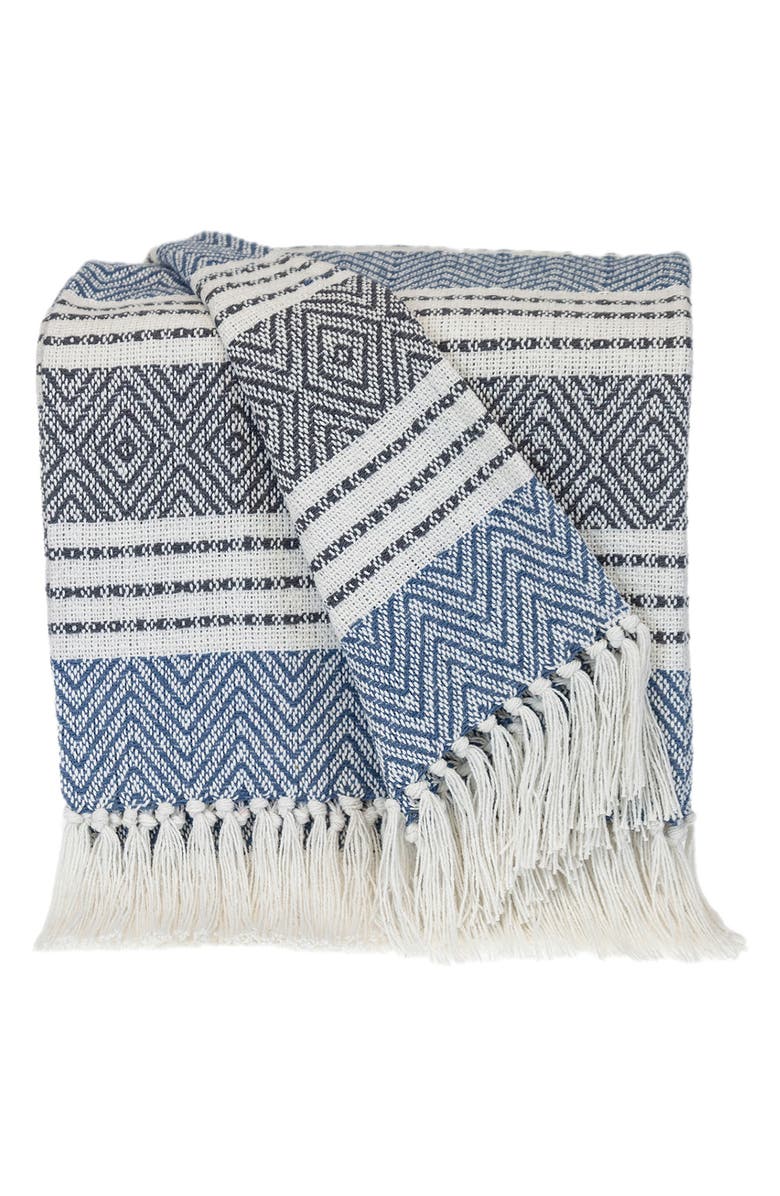 PARKLAND COLLECTION Kai Stripe Fringe Trim Throw Blanket, Main, color, Blue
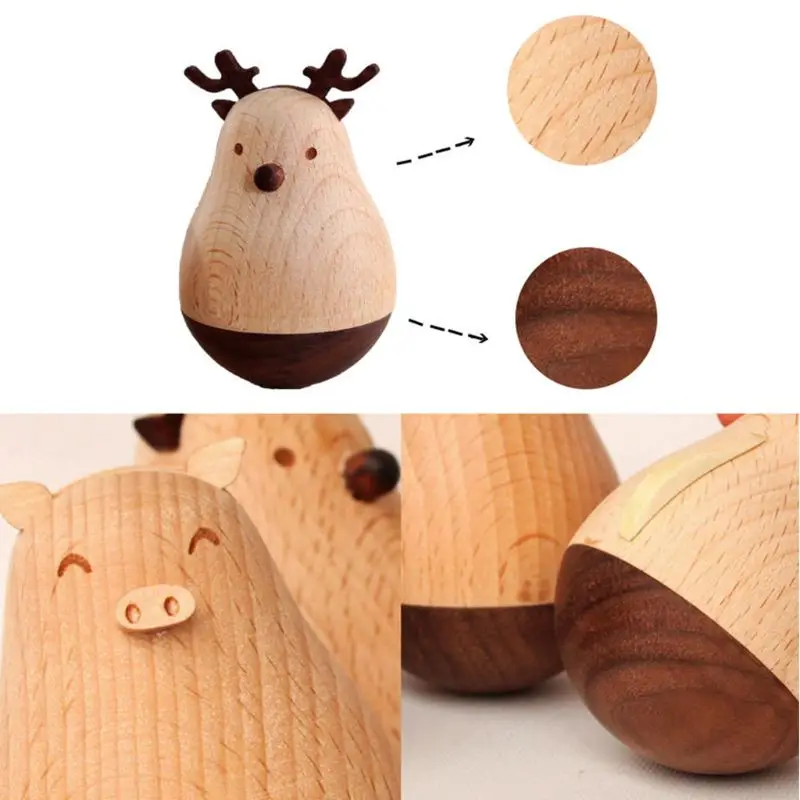 

Cartoon Wooden Tumbler Doll Toy Desk Decor OrnamentFairy Garden Decoration Accessory Birthday Gift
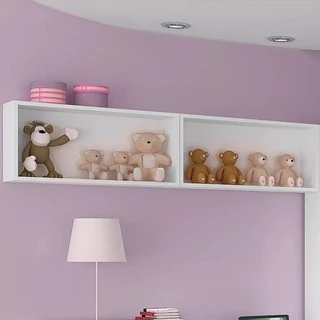 Par De Nicho Retangular Decorativo Parede Mdf Branco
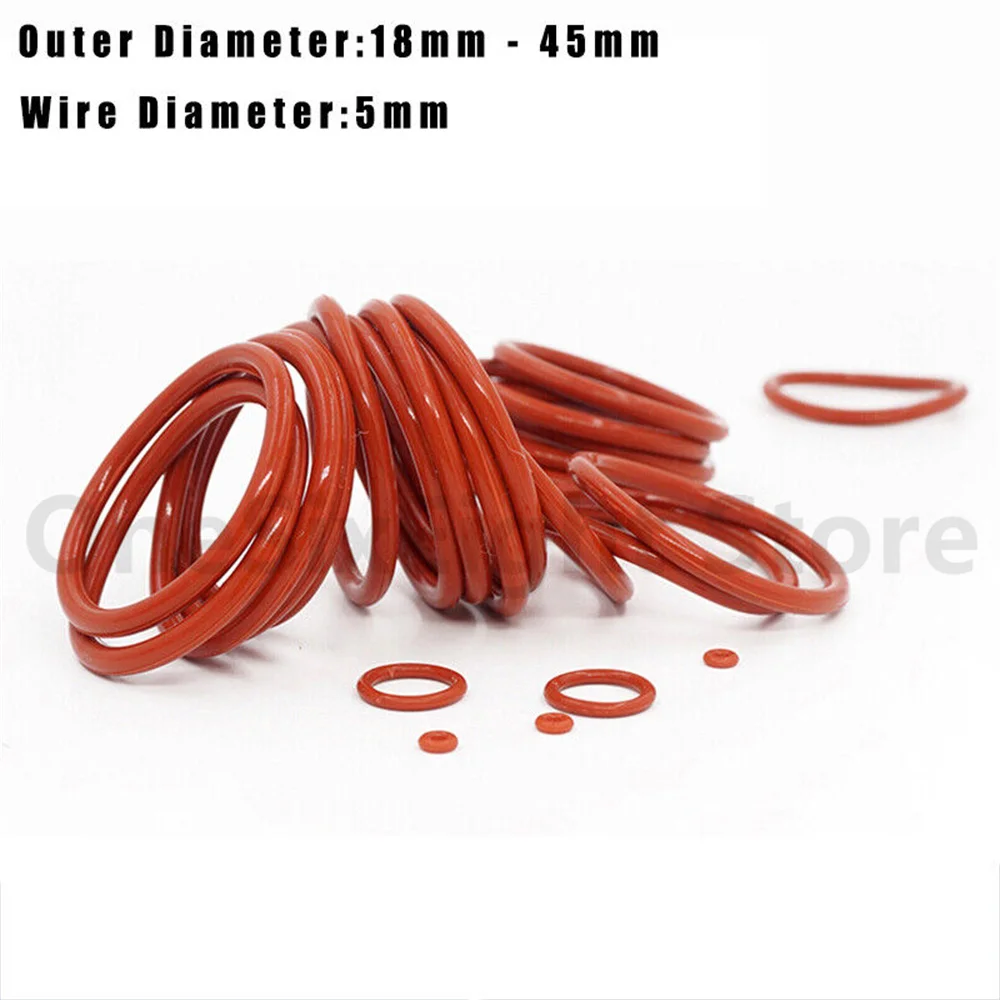 Metric Food Grade Silicone Rubber O Ring Red Seal Orings 5mm Cross Section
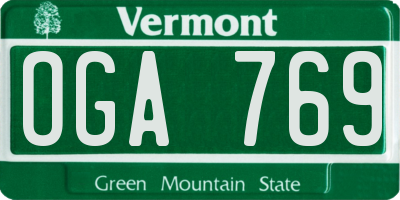 VT license plate OGA769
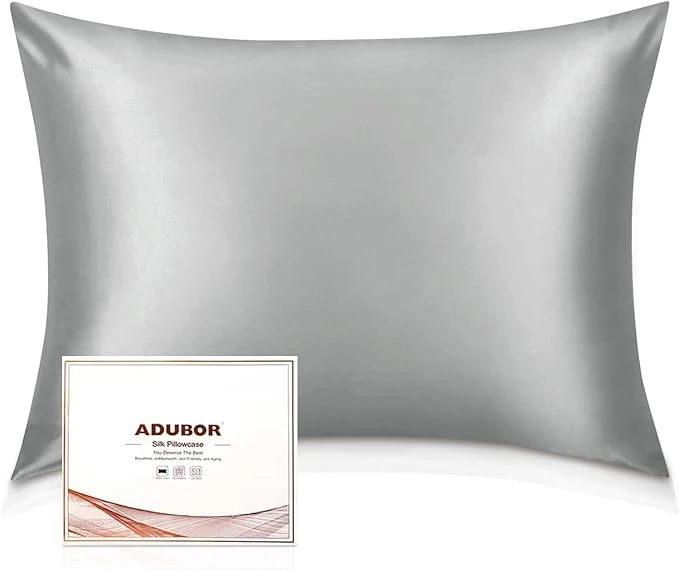 Casual Adubor Silk Pillowcase – Mulberry Silk Pillow Cases 22 Momme 6A Grade Fibers Silk Pillow Case for Hair and Skin Health with Hidden Zipper King 20 39 39 ×36 39 39 Dark Gray 1PC World-Class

:::

§ Task requirements
Pass over the images and copy the rest of the material above exactly.

§ Problem solution
 PARKLAND COLLECTION Kai Stripe Fringe Trim Throw Blanket, Main, color, Blue

Cartoon Wooden Tumbler Doll Toy Desk Decor OrnamentFairy Garden Decoration Accessory Birthday Gift
 Par De Nicho Retangular Decorativo Parede Mdf Branco
 Metric Food Grade Silicone Rubber O Ring Red Seal Orings 5mm Cross Section
 VT license plate OGA769
 Casual Adubor Silk Pillowcase – Mulberry Silk Pillow Cases 22 Momme 6A Grade Fibers Silk Pillow Case for Hair and Skin Health with Hidden Zipper King 20 39 39 ×36 39 39 Dark Gray 1PC World-Class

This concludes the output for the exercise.